Thursday, January 14, 2016

Summer 1965: The Bodybuilder on the Beach

From: Tales of West Hollywood
 Heterosexuals are allowed to just "be," their glancing at girls or boys presumed instinctive, universal, unquestionable, as inevitable as sunrise, unworthy of comment but worthy of constant praise.  But gay people are constantly asked for a history, or an etiology, for how they Figured It Out, for When They Knew.

Maybe when I was 4 years old, and fumed with righteous indignation when Dad accused me of "liking" the hostess of The Land of Ziggy Zaggy.

Maybe when I was 3 years old, and sneaked out into the living room long past my bedtime to see two men hugging on TV . 

Or when my parents gave me a Little Golden Book with a picture of a muscular, loincloth-clad Tarzan on the cover. Probably by age 2.

Or maybe when I met the Bodybuilder on the Beach.

We moved to Racine, Wisconsin just before kindergarten, and stayed through second grade (1965-68).  Our house was only a block from Lake Michigan, so we went to the beach almost every day.  

The Event happened before my sister was born, so probably in the summer of 1965, when I was four years old.  I was playing with a toy dump truck while my father swam and my mother sunbathed.  Suddenly a bodybuilder walked past our blanket (I didn't know that word yet, so I called him a Muscle Man).

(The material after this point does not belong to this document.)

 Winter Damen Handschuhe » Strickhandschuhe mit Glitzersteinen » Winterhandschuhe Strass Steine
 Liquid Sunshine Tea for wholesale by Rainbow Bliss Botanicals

He stood head and shoulders above any of the other beach goers. He was as tall and tanned as Hercules, with broad shoulders, a thick, hairy chest, and xylophone-hard abs. 

Overcome with joy, I rushed up to him.  "Can I touch you, Mister?" I asked, not at all shy.

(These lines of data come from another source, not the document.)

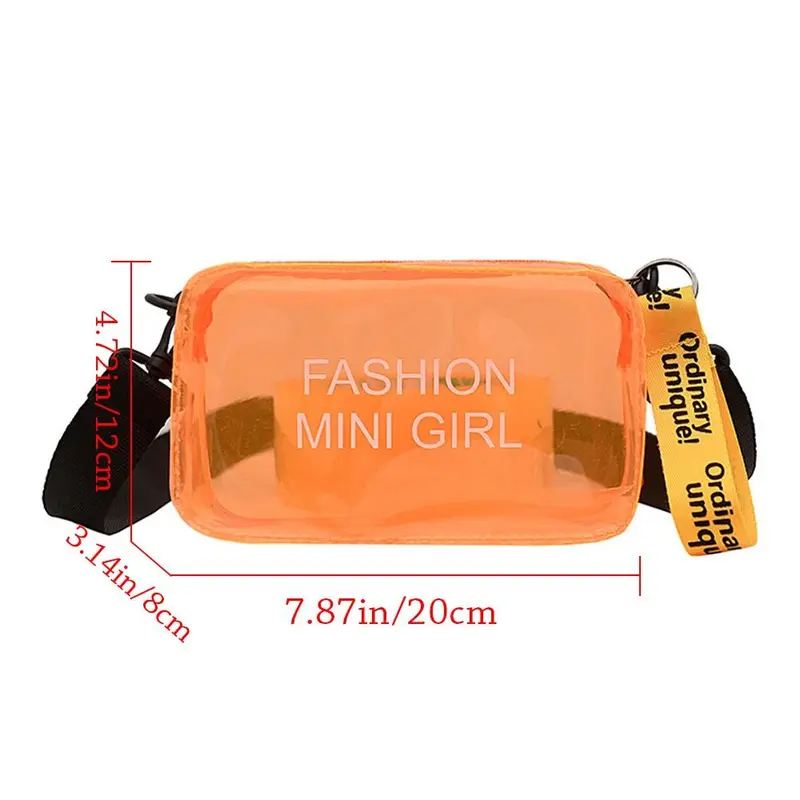 Túi Tote Nhỏ, Thời Trang, Màu Pastel Laser, Chất Liệu PVC, Túi Messenger Đeo Vai Thạch, Túi Đeo Chéo 2
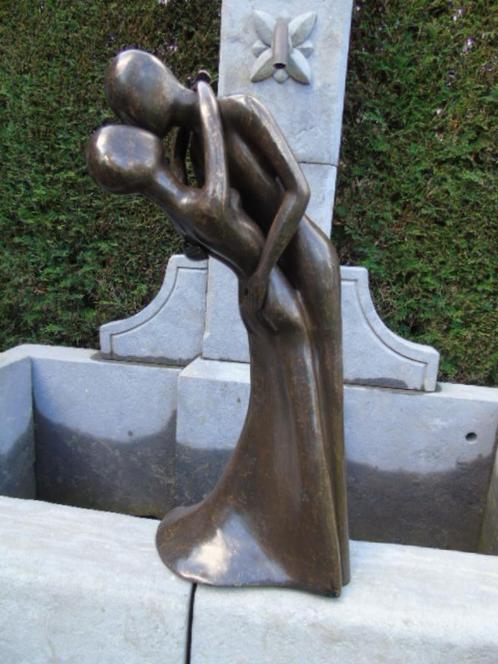 Bronzen beeld van een dansend koppel in man-tegen-man gevech, Tuin en Terras, Tuinbeelden, Nieuw, Abstract beeld, Overige materialen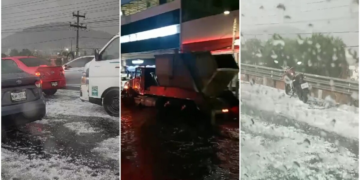 Intensa granizada deja hasta un metro de hielo y provoca derrumbes en Ecatepec
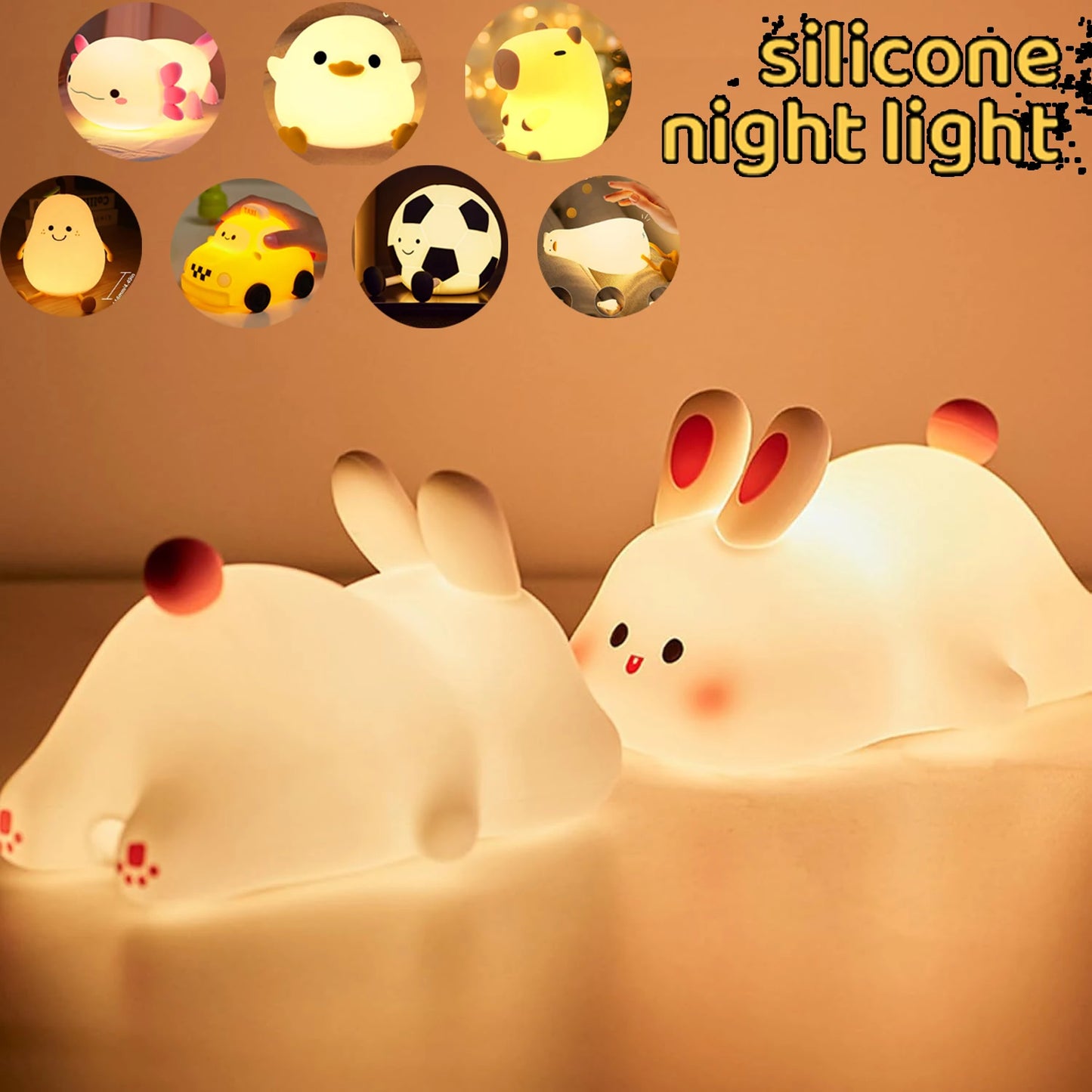 Soft Silicone Night Light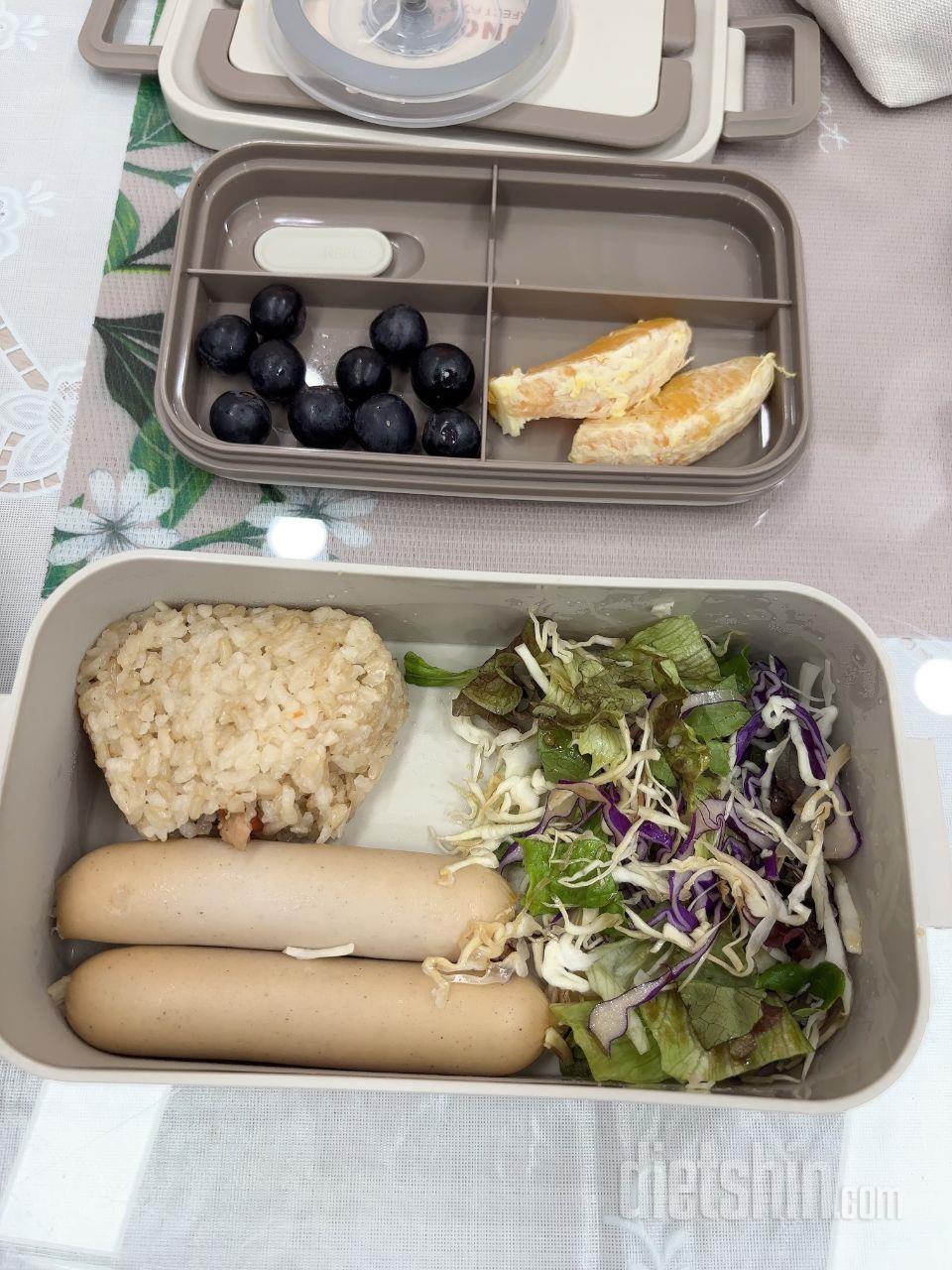 도시락 쌀때 그냥 냉동인채로 아침에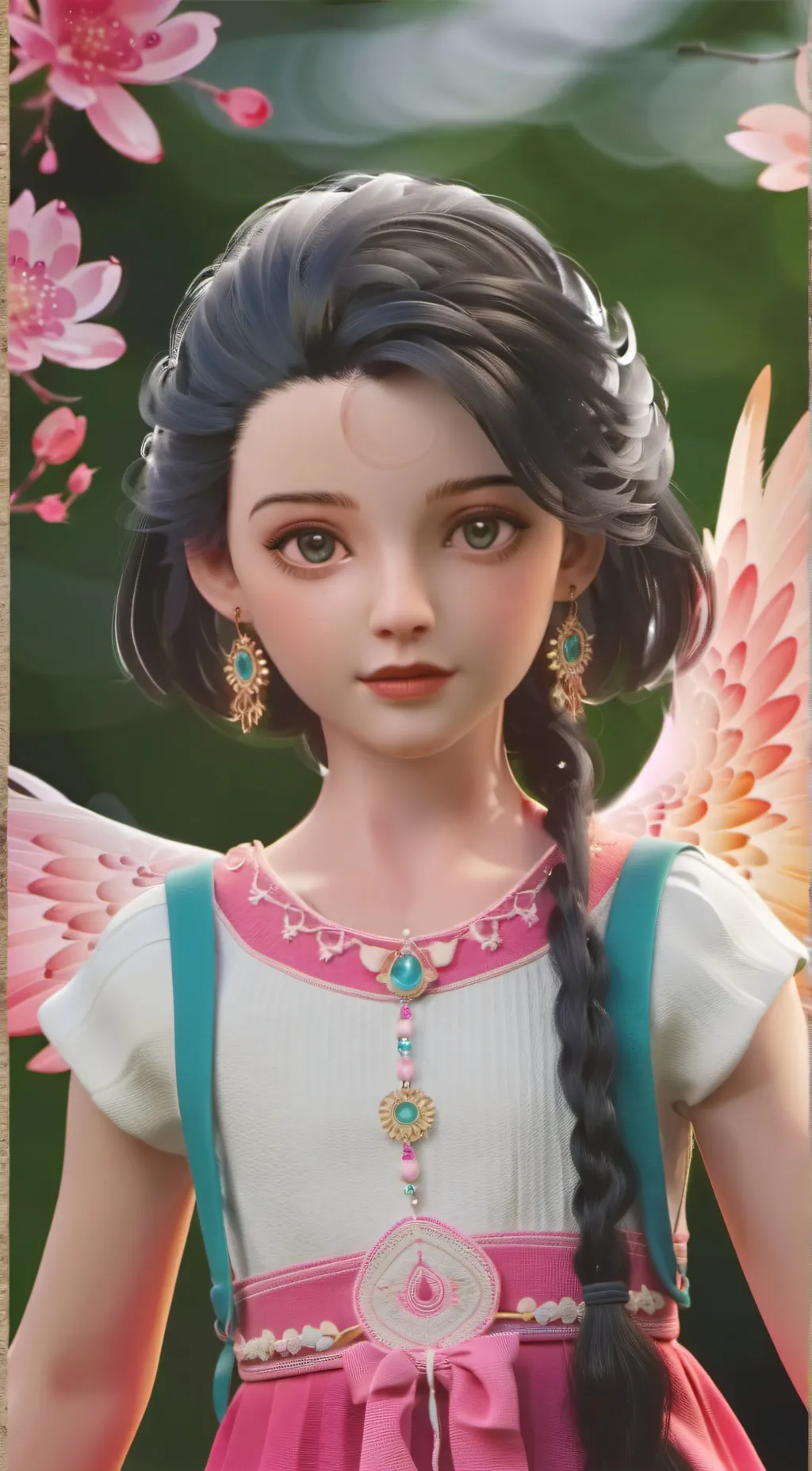 ai character: Phoenix background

Grinning, the Muscle Man stopped and flexed.  I patted his marble-hard stomach and hairy chest, but I couldn't reach his arms, so he got on his knees.  His bicep was enormous, so big that I couldn't cup it in two hands.  It was the most amazing thing I had ever felt.


Mom was standing beside me.  "Yes, isn't he big and strong?" she said.  "I bet all the girls like him."

Girls?  But...I was a boy, and I liked him.

"When you grow up, you'll have big muscles like that, and all the girls will like you, too!"

Girls?  But...I wanted boys to like me.


She thanked the Muscle Man for putting up with me, and he continued on his way down the beach. He hadn't said a word. 

The Event taught me two things:
1. Men were incredible. 
2. I wasn't supposed to think so.

I never saw the Muscle Man again.

Nearly 50 years have passed, but not much has changed.  Men are still incredible, and I still hear, every day, that I'm not supposed to think so.